At its F8 conference today, Facebook revealed its plans for the next 10 years.
It’s divided into 3 main sections:
- improving Facebook ecosystem over the next 3 years;
- strengthening Instagram, WhatsApp, Messenger and other products over the next five years; and
- developing virtual reality, AI and worldwide connectivity over the next 10 years.
Though the event is still unfolding, Facebook – like Microsoft – emphasized the importance of robots in the coming years, announcing the Messenger Platform API for businesses to build their own virtual assistants. No, not robots in the traditional sense, but virtual chat bots that live inside Facebook Messenger, which the social networking giant launched as a separate app in 2014. The company today announced Messenger Platform, which lets customers communicate with businesses live, in the moment, via bots.

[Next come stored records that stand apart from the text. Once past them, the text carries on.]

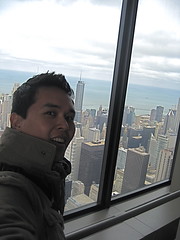 Rey at the top of the Sears Tower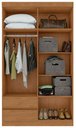 Ver imagem 3 de Guarda-roupas Solteiro 4 Portas 2 Gavetas sem Espelho com Pés Zeus - Lp - Rei de Casa Amendoa Clean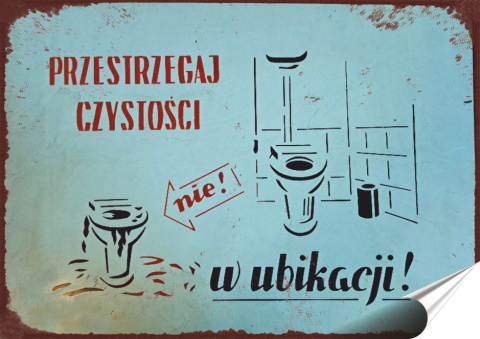 PRL Plakat Samoprzylepny Plakietka (motyw z metalowego szyldu)#17820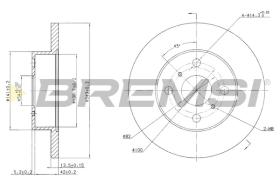 BREMSI CD6279S - B. DISC TOYOTA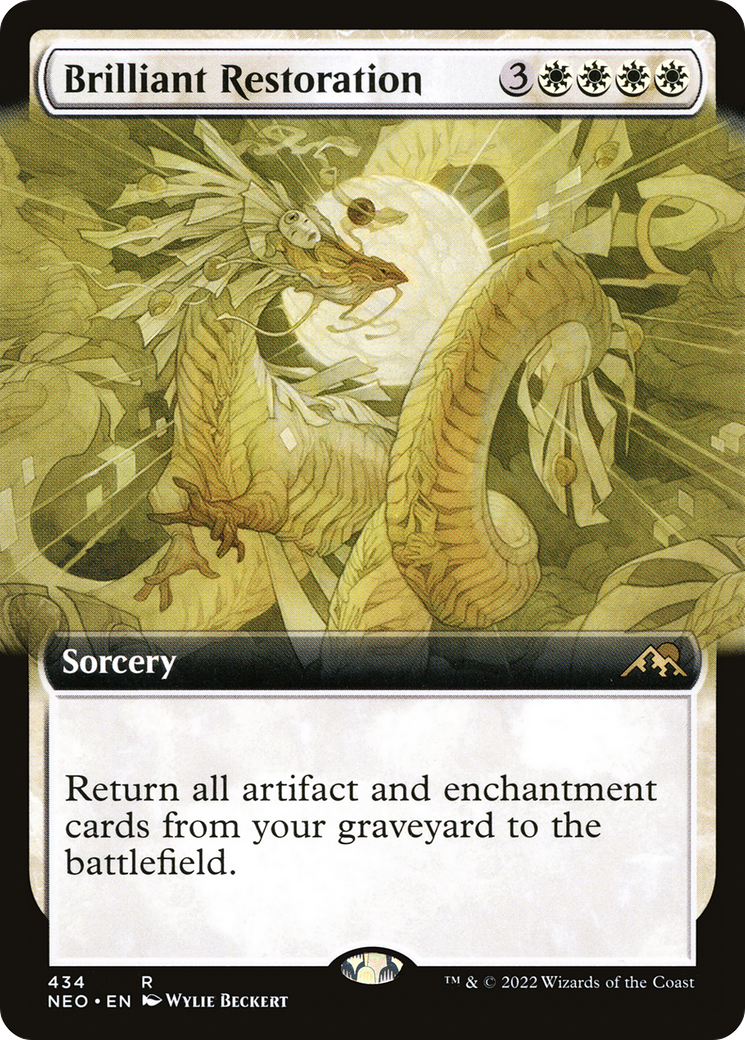 Brilliant Restoration (Extended Art) [Kamigawa: Neon Dynasty]-1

It simultaneously opened up a new API for developers to build their own bots for Messenger.
“We think you should just be able to message a business in the same way you’d message a friend,” Zuckerberg said. “You shouldn’t have to install a new app.”
Interestingly, the company also mentioned plans for augmented reality, when so far its only focused on virtual reality with its Oculus products. The company said future headsets would be the size of a normal pair of glasses and would be able to handle augmented and virtual reality at the same time.
The company also reinforced its efforts to ‘connect the world,’ including releasing a simulator for its Free Basics program. Zuckerberg also showed off part of the company’s drone airplane, which uses lasers to bring the Web to places with poor connectivity.